Rabin menganggap hubungan Israel dengan Amerika Serikat sangat penting. Persaingan Perang Dingin berada pada puncaknya, dan hubungan yang kuat dengan AS bertujuan menyeimbangkan dukungan Uni Soviet untuk negara-negara Arab. Ia menyaksikan Washington D.C. menjadi pemasok utama senjata dan peralatan militer bagi Israel. Dari sudut pandang diplomatik, Washington D.C. mulai memandang Israel sebagai sekutu terpenting dan paling tepercaya di Timur Tengah. Selama masa jabatannya sebagai Duta Besar, Rabin juga melakukan berbagai upaya untuk membuka jalur perdamaian dengan negara-negara Arab.
Selama Perang Yom Kippur tahun 1973, ia tidak memegang jabatan resmi. Setelah kembali ke Israel pada tahun 1973, Rabin bergabung dengan Partai Buruh Israel. Dalam pemilihan, ia menduduki peringkat ke-20 dalam daftar Partai Buruh untuk Knesset ke-8.
5. Political Career
Yitzhak Rabin mengukir perjalanan politik yang signifikan di Israel, menjabat berbagai posisi kunci yang membentuk kebijakan domestik dan luar negeri negara tersebut. Kariernya diwarnai oleh transformasinya dari seorang garis keras militer menjadi arsitek perdamaian yang berani.
5.1. Minister of Labour
Dalam pemilihan legislatif Israel 1973 yang diadakan pada akhir 1973, Rabin terpilih sebagai anggota Knesset sebagai anggota Alignment. Ia diangkat sebagai Menteri Tenaga Kerja Israel pada Maret 1974 dalam pemerintahan ke-16 yang berumur pendek yang dipimpin oleh Golda Meir.
5.2. First Term as Prime Minister (1974-1977)
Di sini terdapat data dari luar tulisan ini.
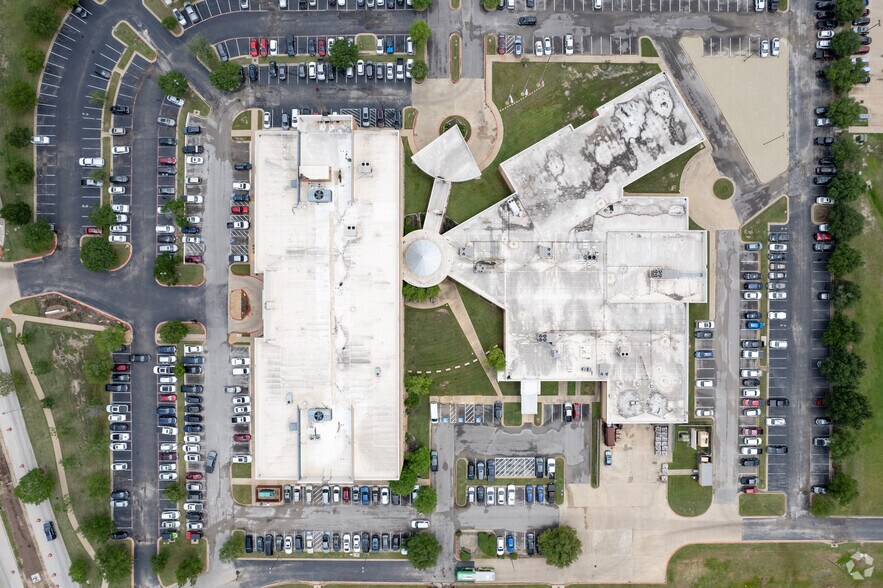 More Photos Of 3201 University Dr E, Bryan Medical For Lease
Setelah pengunduran diri Golda Meir pada April 1974, Rabin terpilih sebagai pemimpin partai, setelah ia mengalahkan Shimon Peres. Persaingan antara kedua pemimpin Buruh ini tetap sengit dan mereka beberapa kali bersaing dalam dua dekade berikutnya untuk peran kepemimpinan, dan bahkan untuk siapa yang pantas mendapatkan pujian atas pencapaian pemerintah. Rabin menggantikan Golda Meir sebagai Perdana Menteri Israel pada 3 Juni 1974. Ini adalah pemerintahan koalisi, termasuk Ratz, Liberal Independen, Kemajuan dan Pembangunan dan Daftar Arab untuk Badui dan Penduduk Desa. Pengaturan ini, dengan mayoritas parlemen yang tipis, bertahan selama beberapa bulan dan merupakan salah satu dari sedikit periode dalam sejarah Israel di mana partai-partai religius tidak menjadi bagian dari koalisi. Partai Nasional Religius bergabung dengan koalisi pada 30 Oktober 1974 dan Ratz keluar pada 6 November.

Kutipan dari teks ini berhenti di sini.